I went into it thinking I had a pretty good idea of what to expect. Living on Palm Jumeirah, I see plastic wash up on the beach all the time: bottle caps, bits of netting, pieces of bags. It’s easy to notice, and just as easy to walk past. But seeing it collected in one place was something a completely different experience, one I didn’t expect.
By the end of the clean-up, the team had removed 807.6 kilograms of waste from a single dive site. That number didn’t really register at first until I started helping sort and move it.
There were the expected things, like plastic bottles, cups, bags, but also things that made you stop for a second: a 270kg lorry tire, heavy chains, construction debris, even things like pillows and towels. It wasn’t just litter. It was evidence of how much ends up in the water without us really thinking about it.
I wasn’t diving that day, instead I was part of the surface support team, but that actually gave me a different perspective. I watched divers bring things up piece by piece, and I realized how much effort it takes to undo something as simple as throwing something away in the wrong place.
From Awareness to Action
Before this, I had already reached out to EDA because I wanted to do something about what I was seeing on the Palm. The beaches are cleaned regularly, but smaller debris still builds up—especially in residential areas where there aren’t always bins nearby.
What I’ve started to realize is that large clean-up events are only one part of the solution.
The bigger opportunity is consistency.
It’s the idea that if people walking the beach every day each picked up a few pieces of trash—and had somewhere to put it—it wouldn’t build up in the first place.
That’s something I’m now thinking about more seriously:
How do you turn something like this from a one-day event into something that’s just… normal?
Why This Matters (Beyond One Day)
This experience made the problem feel a lot more real—but it also made the solution feel more possible.

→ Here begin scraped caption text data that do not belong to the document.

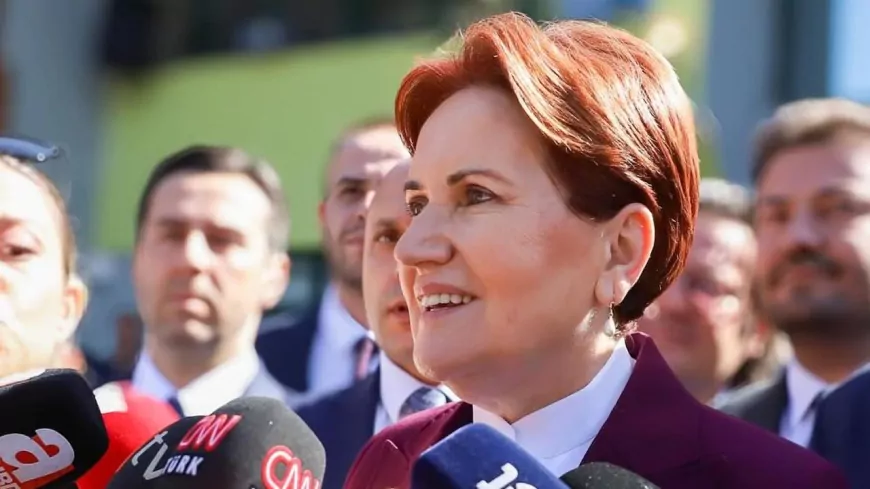 Meral Akşener Hakkındaki O Flaş İddia İçin Yalanlama Geldi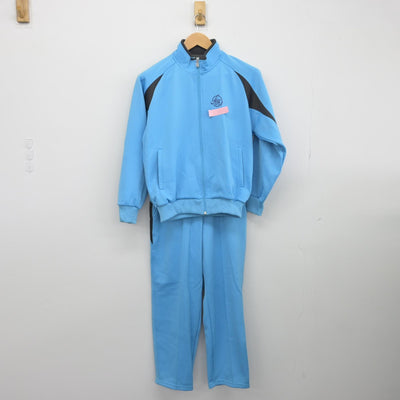 【中古】東京都 江東区立有明中学校 女子制服 2点（ジャージ 上・ジャージ 下）sf033845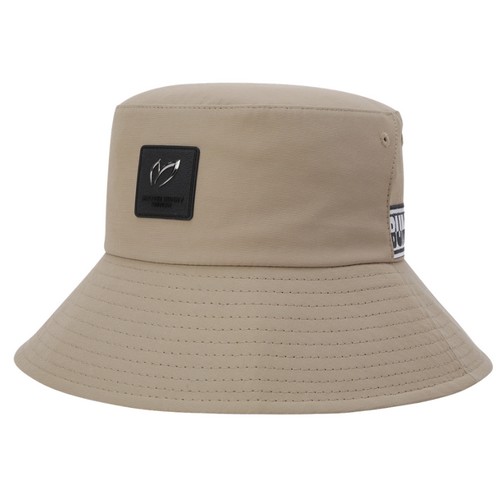 마스터바니에디션  심볼 타공 로고 테이프 버킷햇 411D3CP105_BG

Because 807.6kg didn’t appear overnight.
And it doesn’t have to keep happening either.
What stood out most wasn’t just the amount of waste—it was how many people showed up to do something about it. Divers, organizers, volunteers—everyone working together to fix a problem that technically belongs to all of us.
That’s the part I want to build on.
Not just reacting to the problem, but creating something repeatable. Something local. Something that people can be part of without needing a full-scale event.
This is just a starting point, but it’s one that I’m definitely planning to take further.
What’s Next
I’m continuing to work with and learn from organizations like the Emirates Diving Association, while also exploring ways to:
Encourage small, community-led cleanups on Palm Jumeirah
Work with local stakeholders on practical solutions (like accessible bins)
Make sustainability something people participate in regularly, not just occasionally
Because the goal isn’t just to clean up what’s already there.
It’s to stop it from getting there in the first place.